The arena in Thunder Bay is old school…kind of like every rink built across Canada in the 50’s. Most of the buildings that we have been performing in, have been modern arenas based on designs of the big professional palaces, designed to look good and make money….and to make money they have to be easily configured for multi-use. The Fort William Garden is strictly a place to play hockey and curl, so it made the day a bit more complicated for the Mellencamp crew and it ended up sounding very much like a hockey rink. It was not great gig for us.
 

When we arrived at the back of the building, this morning, everyone took off; Al to find a bike trail; Margo to colour her roots; Jeff and Pete in search of a music store and me in search of the Kaministiquia River. I was told to avoid the river downtown and head up stream for the best odds of catching something, so I borrowed Pete’s bike and headed up river. The only problem was that the rail yards between the road and the river were a formidable obstacle. After a long ride along the tracks I came across an iron pedestrian bridge that I figured might get me across the tracks and closer to the water. It did, but it also brought me to a memorial park/spot for the First Spike, which was driven in that spot in 1875. In Canada we all learn about the Last Spike, hammered home in Craigellachie, BC in 1885: it signified the completion of the building of the Canadian Pacific Railroad, joining the East coast to the West coast of Canada.
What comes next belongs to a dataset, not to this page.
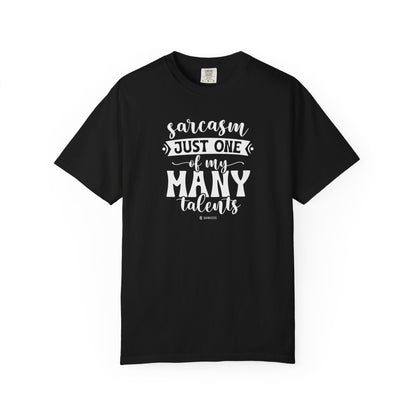 Funny Unisex Garment-Dyed T-shirt, Premium Sarcastic Tee, Humorous Adult Joke Top, Novelty Graphic Tee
We consider it a major nation-building moment. Apparently we were being severely pressured by an expansionist power to our South who had a very large standing army that was in prime fighting shape. The physical bonding of our two coasts by the railway gave our claim to the Western lands some teeth in the eyes of international community. So we celebrate and learn about the Last Spike, but the massive ten year public-works project had to begin somewhere and, what-do-you-know, it began here.


I did find the river and it was a little depressing, lined with functioning and crumbling industries, brackish and stressed. The most frustrating thing was that a twenty minute drive from here would place me in the middle of trees and rocks and rivers and lakes barely disturbed by us humans: perhaps on another day with a little more time. If you ever want a true wilderness experience come to Northern Ontario.